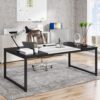 Executive Desk, 70.8" Office Business Desk Computer Writing Table - Image 3
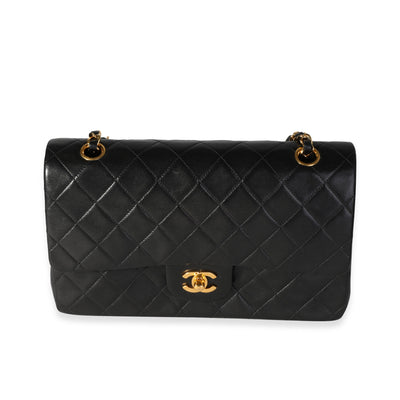 Vintage Black Quilted Lambskin Classic Medium Double Flap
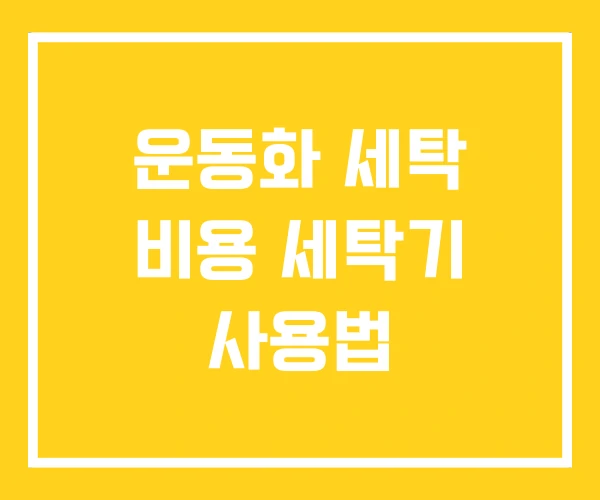 운동화 세탁 비용 세탁기 사용법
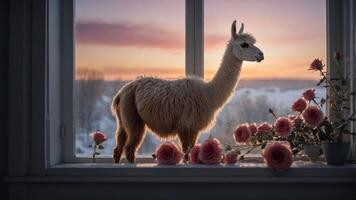 A llama stands by a window adorned with roses, framed by a colorful sunset. photo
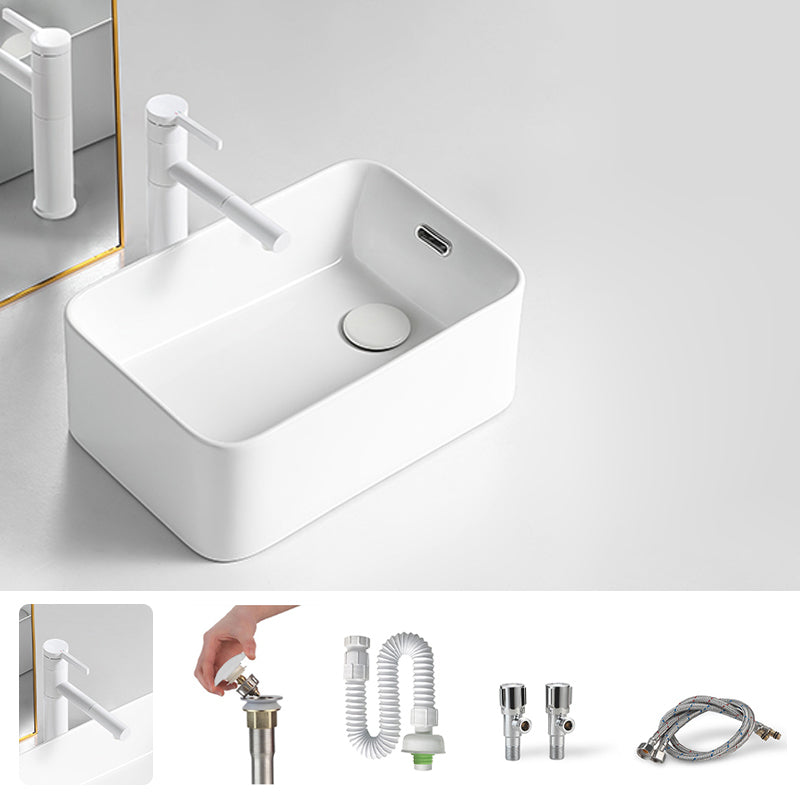 Modern Bathroom Sink Porcelain Solid Color Rectangular Vessel Bathroom Sink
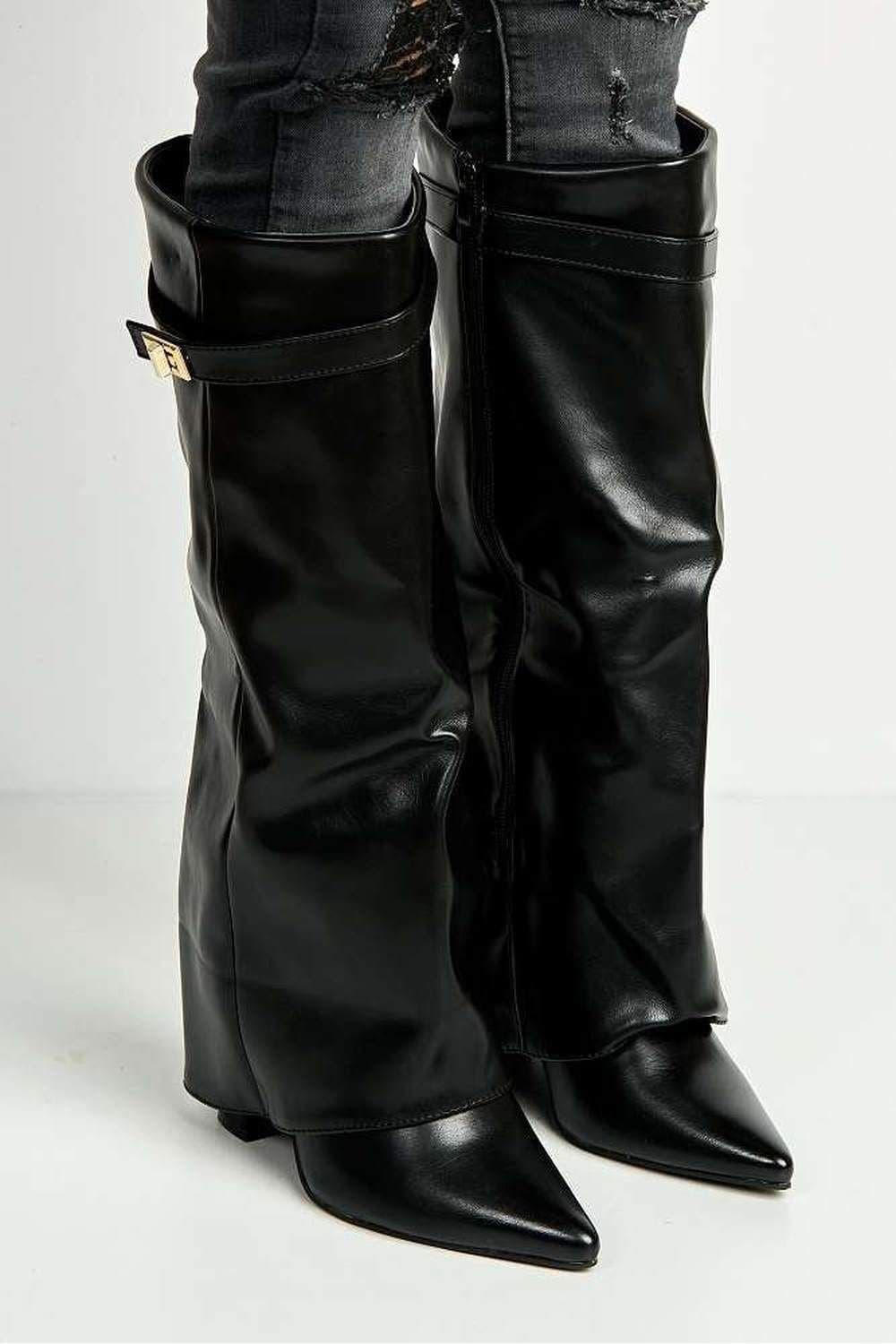 Miss Diva Miss Diva Women's Ayla Block Heel Pointy Toe Collared PU Calfboots with Clasp Detail in Black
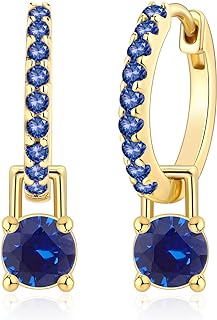 Women's Gold Plated Hoop Earrings with Stabilized Turquoise Gemstones and Push Back Design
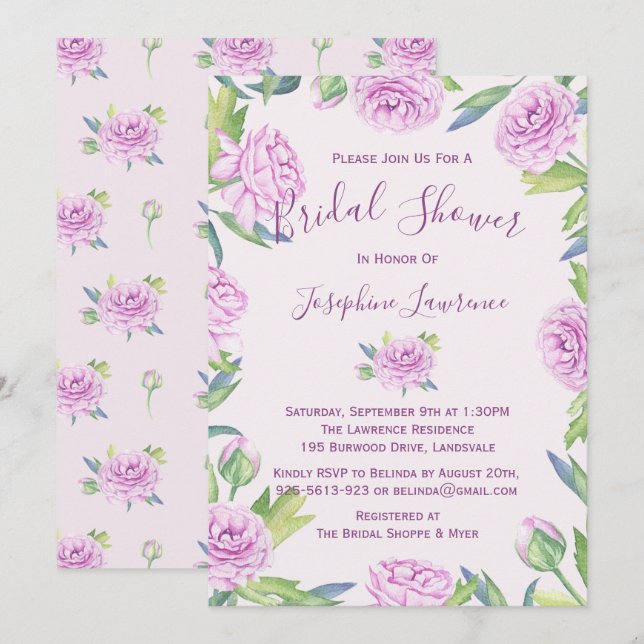 Purple Ranunculus Bridal Shower Invitation (Front/Back)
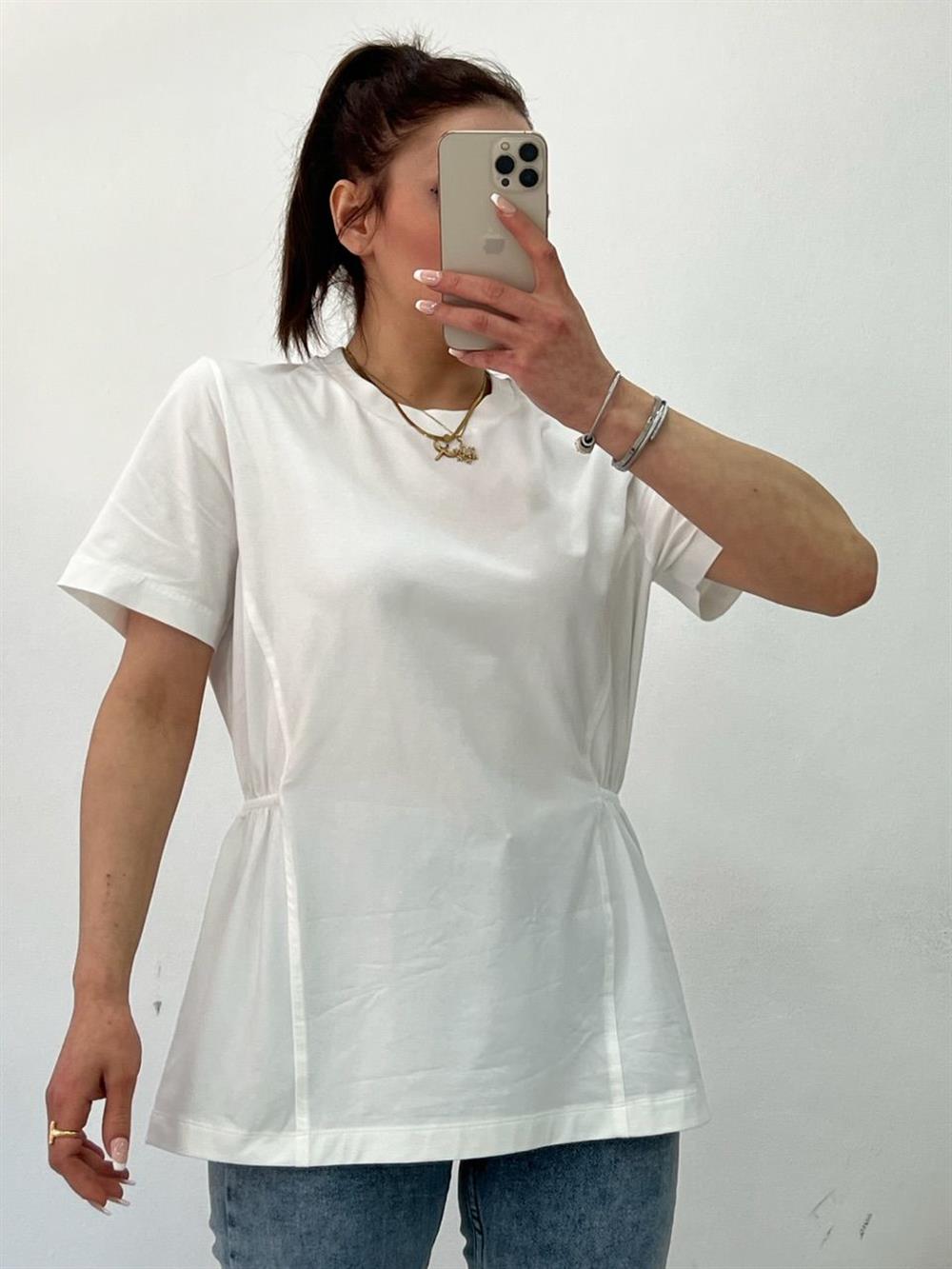 Yanlari Lasti̇kli̇ Tshi̇rt Beyaz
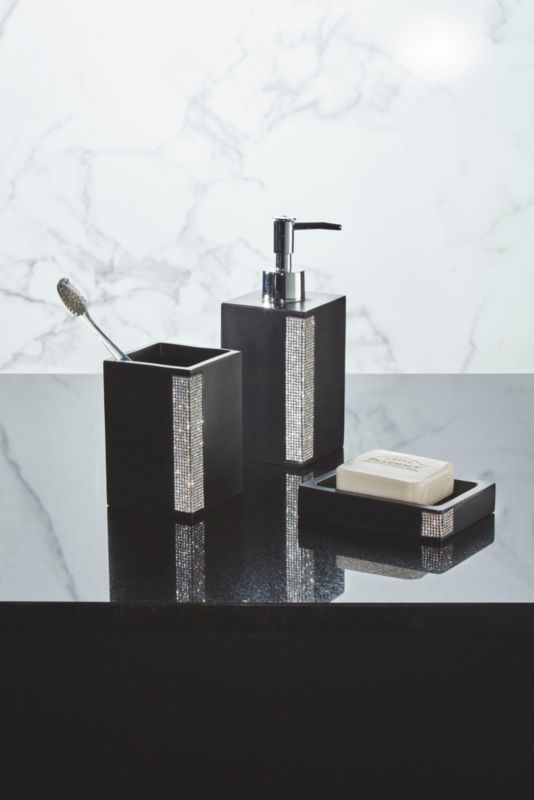 Sæbedispenser Chiq 7x7x18 cm Sort Keramik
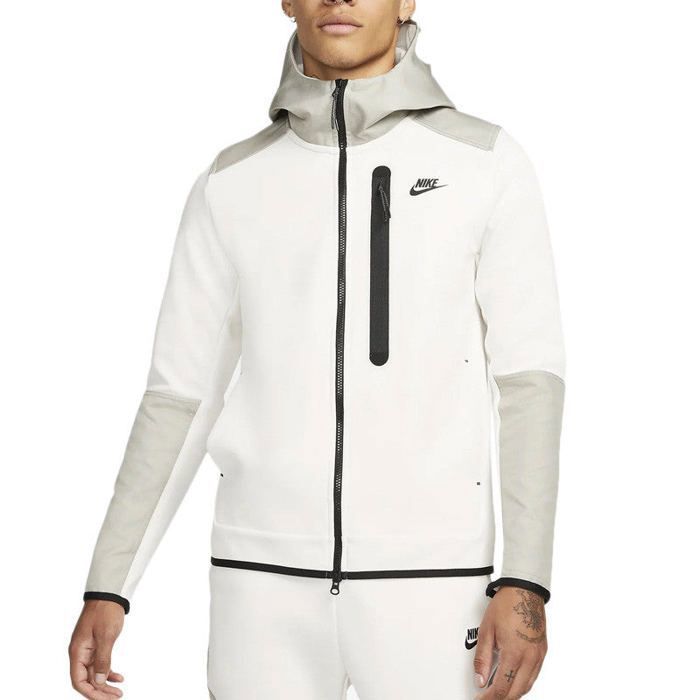 Sweat à capuche NIKE TECH FLEECE FULL ZIP Blanc Manches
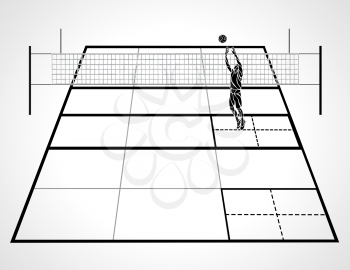 Detailed illustration of a volleyball court with perspective, setter player and ball, black and white eps8 vector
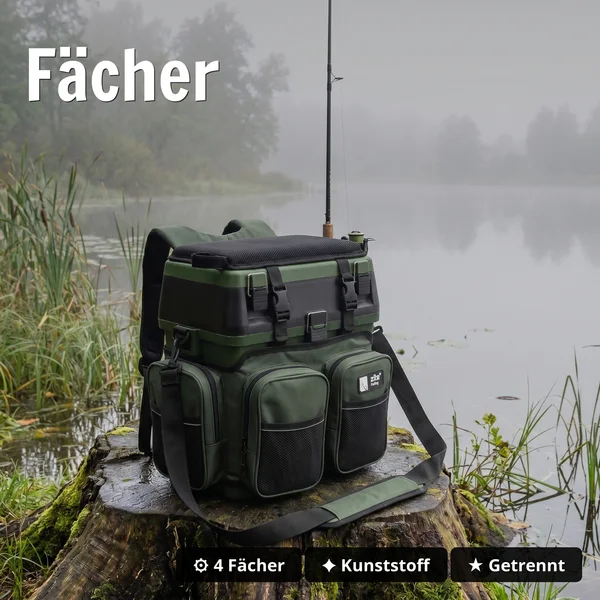 Multi Angel-Koffer-Rucksack & Sitz-Kiepe 3-in-1 – Angelrucksack Sitzkiepe Angelkoffer Zite Fishing  - Fächer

Goal of the exercise: Would you write out each entry word for word and omit the images?

Exercise answer:
 Executive Desk, 70.8" Office Business Desk Computer Writing Table - Image 3
 Vintage Black Quilted Lambskin Classic Medium Double Flap
 운동화 세탁 비용 세탁기 사용법
 A llama stands by a window adorned with roses, framed by a colorful sunset. photo
 Modern Bathroom Sink Porcelain Solid Color Rectangular Vessel Bathroom Sink
 Miss Diva Miss Diva Women's Ayla Block Heel Pointy Toe Collared PU Calfboots with Clasp Detail in Black
 Women's Gold Plated Hoop Earrings with Stabilized Turquoise Gemstones and Push Back Design
 Purple Ranunculus Bridal Shower Invitation (Front/Back)
 Yanlari Lasti̇kli̇ Tshi̇rt Beyaz
 Sæbedispenser Chiq 7x7x18 cm Sort Keramik
 Sweat à capuche NIKE TECH FLEECE FULL ZIP Blanc Manches
 Detailed illustration of a volleyball court with perspective, setter player and ball, black and white eps8 vector
 Multi Angel-Koffer-Rucksack & Sitz-Kiepe 3-in-1 – Angelrucksack Sitzkiepe Angelkoffer Zite Fishing  - Fächer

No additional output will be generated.